In 1989, when Bailey and his team discovered the grapefruit interaction, 85 drugs were on the interaction list. Today, that list is up to 121 medications. They range from heart and blood pressure drugs to antianxiety medicines to a growing list of anticancer drugs. The interaction is drug-specific, so not all medications within a class are affected. Some common drugs that interact with furanocoumarins include:

  • Certain oral anticancer drugs called tyrosine kinase inhibitors and CDK inhibitors. Some of these include Verzenio (abemaciclib), Xalkori (crizotinib), Sprycel (dasatinib), Tarceva (erlotinib), Afinitor (everolimus), Ibrance (palbociclib), Votrient (pazopanib), Kisqali (ribociclib) and Sutent (sunitinib).
  • Blood pressure and heart medications such as Plendil (felodipine), nifedipine and Multaq (dronedarone).
  • Certain cholesterol medications like Lipitor (atorvastatin), Zocor (simvastatin) and Mevacor (lovastatin).
  • Some antianxiety medications including Valium (diazepam) and BuSpar (buspirone). 
  • Oral central nervous system agents and pain medications such as oxycodone, fentanyl and ketamine.

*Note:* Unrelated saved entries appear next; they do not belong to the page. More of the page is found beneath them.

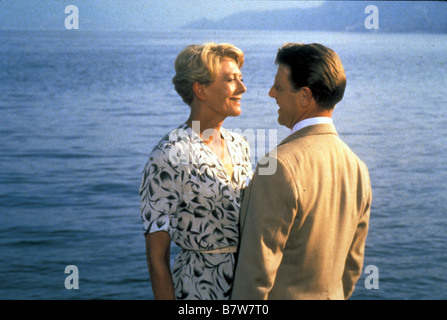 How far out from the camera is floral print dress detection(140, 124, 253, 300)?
232cm

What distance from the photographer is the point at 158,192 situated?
2.32 metres

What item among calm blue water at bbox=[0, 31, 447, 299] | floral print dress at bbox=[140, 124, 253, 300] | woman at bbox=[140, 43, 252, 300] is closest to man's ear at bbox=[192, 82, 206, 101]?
woman at bbox=[140, 43, 252, 300]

According to Bailey, “Sixty percent of the drugs that interact with grapefruit juice are high-risk, with potentially severe adverse reactions. And of those high-risk drugs, 27 are kinase inhibitors, oral medications used in cancer treatment.”

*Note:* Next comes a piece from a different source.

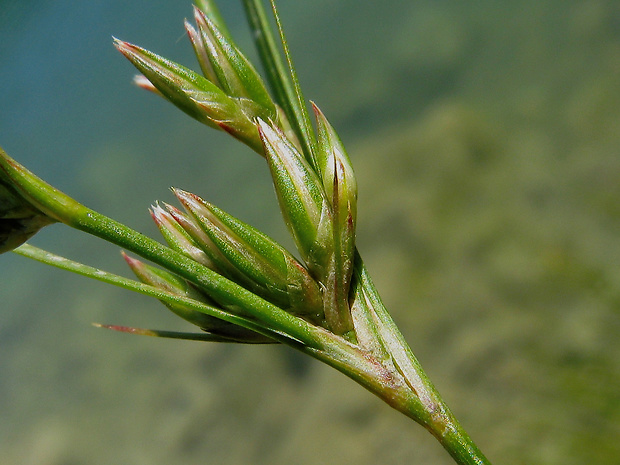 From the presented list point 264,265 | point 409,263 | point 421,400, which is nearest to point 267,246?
point 264,265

As cancer treatments evolve, significantly more oral anticancer drugs are being used. “The number of oral cancer drugs that interact with grapefruit has increased tremendously over the past decade. These drugs treat a wide range of cancers, so more and more patients are at risk,” says Ezra Cohen, an oncologist at the University of California, San Diego. He also points out that the grapefruit effect is long-lasting. “It can take up to 60 hours for the CYP3A4 enzyme to become fully effective again after drinking grapefruit juice,” he says. “It’s not unheard of for a patient to accidentally eat a grapefruit and report drug toxicity symptoms a day or two later.” 

In 2012, Cohen led a clinical study to see if cancer patients could use the grapefruit effect to their advantage. He examined whether grapefruit juice could be used to intentionally boost the potency of a cancer drug, thus decreasing the amount needed for treatment—and it worked. The study, published in the American Association for Cancer Research (AACR) journal Clinical Cancer Research, showed that drinking 8 ounces of grapefruit juice daily boosted levels of the drug Rapamune (sirolimus) by 350 percent. (The AACR also publishes Cancer Today.)

While the results were exciting, he notes that getting a consistent effect from grapefruit is challenging. “Besides the variability in CYP3A4 enzyme among people, furanocoumarin content also varies with grapefruit varieties and juice-processing methods,” he explains. Still, he says, “it’s something to consider on a case-by-case basis if there is a need to reduce a medication dose to minimize side effects or control cost. But grapefruit should only be used under strict medical supervision where drug levels can be monitored because of the risk of toxicity.” 

Cohen stresses that “the grapefruit interaction warning appears on certain cancer and other medication labels for an important reason. Unless your doctor advises otherwise, steer clear of grapefruit while on these drugs.” If you are unsure whether your medicines interact with grapefruit, ask your oncologist or pharmacist.

Anne Danahy is a registered dietitian and freelance health writer based in Scottsdale, Arizona.

Editor’s Note: Cancer Today is sad to report that shortly after being interviewed for this story, David Bailey died at his home in London, Ontario. The Cancer Today staff sends our condolences to his family and all who are affected by this loss.